The Name Game is rather tedious in the long run, but I’ll be damned if it’s not one of the biggest time-wasters of all time. Played in elementary school classrooms and road-tripping minivans across the United States, it’s a simple spelling game derived from words in a particular topic. Players choose a topic, such as famous actors and actresses, and then select which player will go first. Once chosen, the first player chooses and says a word. Following in suite, the second player says a word that begins with the last letter of the opposite player’s previous word. The game can carry on indefinitely depending on player knowledge, so it’s often best to set a few ground rules prior to initiating the game. We suggest setting a specific time limit in which players can respond or narrowing the chosen topic to make the game difficult.

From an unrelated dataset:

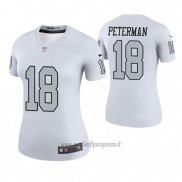 Maglia NFL Legend Donna Las Vegas Raiders Nathan Peterman Bianco Color Rush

Example: Say your opponent and you have chosen the topic of famous actors who have been featured in superhero movies. You might begin by saying “Gary Oldman” — an obvious nod to the Christopher Nolan’s recent Batman trilogy — while your opponent might follow with “Ned Beatty,” the character who played Otis in Richard Donner’s 1978 rendition of Superman. The game continues in the same vein until one of the players can no longer name a followup person or subject word.
They often say two heads are better than one, and though I don’t always agree, collaborative writing can be one of the most intriguing and inventive forms of writing in existence. With Story Time, one person begins by texting the beginning word, phrase or sentence to his or her collaborative partner. Once done, the other player reciprocates with another word, phrase or sentence that directly builds off the narrative begun in by the first player. Whether the resulting story is terrific or horrendous, a shotgun of a story or an epic, the back-and-forth prose eventually builds a potentially-cohesive plot line via a series of text message. The flow and style is never as eloquent or seamless as it would be if crafted by a single writer, but the capacity for unforeseen twists and the shroud of mystery surrounding the next phrase or sentence is often compelling enough to keep it going. Feel free to add restrictions, such as a specified word count per text or other structural elements hindering people from spouting off the first thing that comes to mind. I mean, have you read any self-published ebooks recently? I think you catch my drift.
Example: Let’s take the classic fairy-tale route for example. You might send a text with one of the most cliche lines of literature lore,”Once upon a time.” Building upon what you said, the other player might follow with “there lived a lonely typist who never spoke.” I admit it’s probably not the most exhilarating or enticing story introduction you’ve ever heard, but it’s a start. Afterward, you would respond with another phrase, then your partner, then you… and so on and so forth.